For years I have been fascinated by Tolstoy’s great novel War and Peace, a fascination prompted by the BBC’s grand, multi-episode version made back in the ‘70s when I was growing up (and featuring a young Anthony Hopkins — who even then stood out in my mind as a face to watch). It’s a huge book, and somewhat daunting to get into at first, but after a while it creeps up on you. I recall, about a third of the way in, encountering the death of a particular character — I burst into tears, unexpectedly. It made me watch more carefully what Tolstoy was doing, how he was winding the lives of these characters into my imagination and emotions, and where it was all leading.

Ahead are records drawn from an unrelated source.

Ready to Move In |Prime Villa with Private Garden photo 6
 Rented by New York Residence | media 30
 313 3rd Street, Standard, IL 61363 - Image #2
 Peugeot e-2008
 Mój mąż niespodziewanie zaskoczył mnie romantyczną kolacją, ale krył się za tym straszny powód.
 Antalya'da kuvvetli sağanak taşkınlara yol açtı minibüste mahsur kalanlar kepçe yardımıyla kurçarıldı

Character creation and deft plotting aside, though, Tolstoy’s lasting legacy from this book was the philosophical view which he elucidates in it at length. Whole chapters in the book are really essays about military and social history and a way of looking at politics and human endeavour in their entirety. Towards the end, once the tale of the characters is done, once Napoleon’s invasion of Russia has been defeated by what you might call ‘a series of unfortunate events’ (unfortunate if you’re Napoleon that is), Tolstoy launches into a whole final section which is more to do with philosophical musing than with fiction. Though it’s at times a turgid read, it is largely that viewpoint which has drawn me back to the book again and again. I’ve read it four times now.